Чеченцы выслушали меня и ушли молча. На следующее утро просыпаюсь, а по всему Урус-Мартану костры горят. На огне – казаны огромные, а в них мясо варится. Дух такой, что аж голова кружится!  Ну, всё, думаю, вот и пришел мой конец. Хоть иди в лес и на первой осине вешайся. Иду на завод, посмотреть, что там делается. Вижу, цеха работают, циркулярки вертятся, брусок на склад идет. Я не пойму, в чем дело. Запасов круглого леса у нас никогда не было: бревно прямо с горы шло на пилораму, от нее доска – на циркулярку и так далее. Бегу к пилораме и застываю на месте: вместо волов лес трелюют породистые арабские скакуны, по четыре в одной упряжке, все в мыле, со сбитыми бабками. Глядя на это, чеченцы, ты не поверишь, плачут, но продолжают погонять норовистых коней. Уже потом узнал, что этих скакунов они прятали далеко в горах. Это было очень рискованно, но испокон веков не мог чеченец жить без коня, в крови у них это, и этим все сказано. Сейчас у них то ли кровь другая, то ли власть наша их так вымуштровала, что они на мотоциклах по селу гасают, а про коней уже и думать забыли».
Я спрашивал деда, а как же решился вопрос со съеденными волами. Он хитро улыбался и говорил: «Списали. Нашли умного зоотехника, которому чеченцы велели у тех быков сибирскую язву обнаружить.
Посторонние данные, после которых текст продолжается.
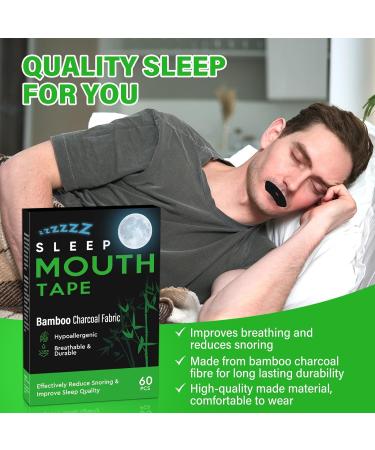 Anti Snoring Mouth Tape with Natural Bamboo Charcoal - Snoring Aid for Men and Women - Black - Buy Online on GoSupps.com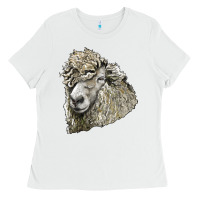 White lincoln sheep head Ladies Tee - LillyAllenDesigns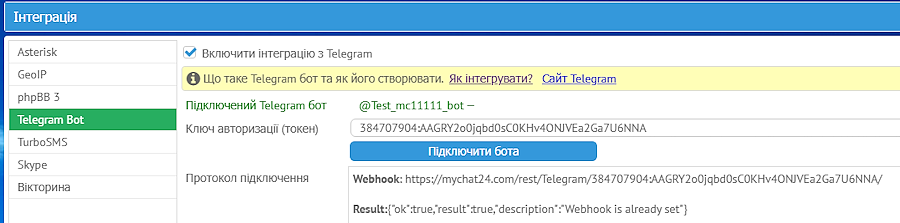 Підключити бота Телеграм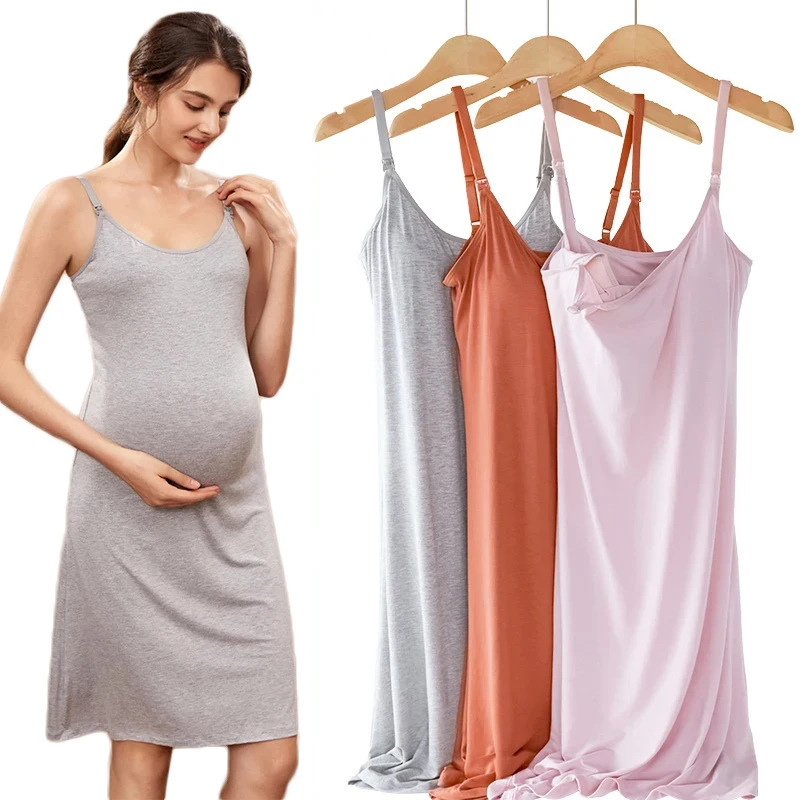 Camisón de lactancia sin mangas para maternidad – ropa del hogar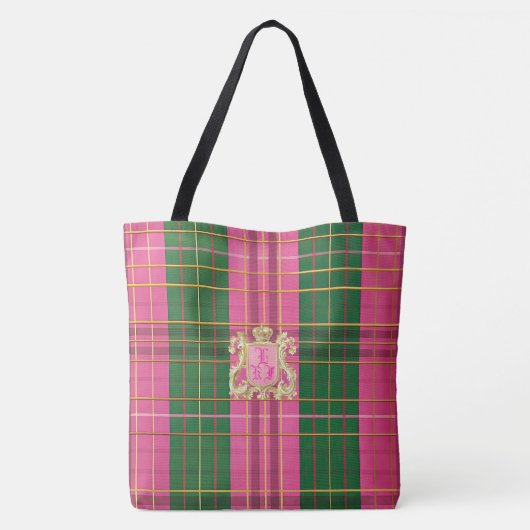Posh Mit Monogramm rosa und grüne Karierte Totbeut Tasche (Rückseite)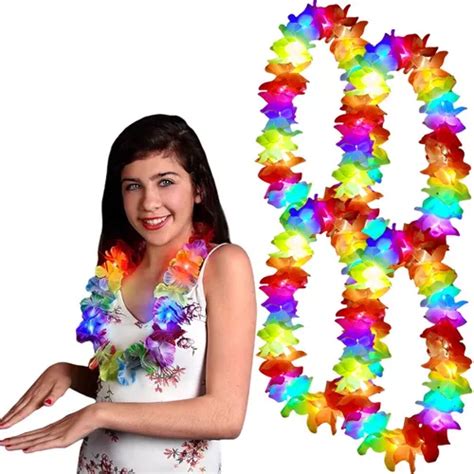 4 Collares Hawaianos Fiesta Flores Colores Neon Con Luz Led Meses Sin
Зоотехники тоже жить хотят».

И здесь начинается очень беспокойный период в жизни Тихона Андреевича, связанный опять-таки с его репутацией «палочки – выручалочки»..
Вскоре дед становится номенклатурным работником лесоперерабатывающей промышленности всего северокавказского региона, и его переводят из Чечни в Северную Осетию. В урочище Хусфарак близ села Дур-Дур строится лесопильный завод по последнему слову тогдашней техники, и Тихона Андреевича назначают его директором. Это уже не полукустарные заводики в Урус-Мартане и Мужичах, а большое современное предприятие, и чтобы руководить им заводом, надо быть знающим и уверенным в себе человеком: на нем работают хорошо обученные кадры, установлена современная техника, для транспортировки готовой продукции на станцию появляются первые автомашины ГАЗ – АА (полуторка).Запасы леса на склонах гор огромны, поэтому поселок строится капитально.

В этом поселке мне пришлось провести в общей сложности не менее трех лет. Сначала меня привозили туда летом подышать свежим горным воздухом и попить парного домашнего молока. Потом я жил там, пока мои родители воевали, а немцы еще не подошли к Северной Осетии. После гибели отца мама вновь привезла меня в освобожденный от немцев Хусфарак, и я жил там до 1944-го года.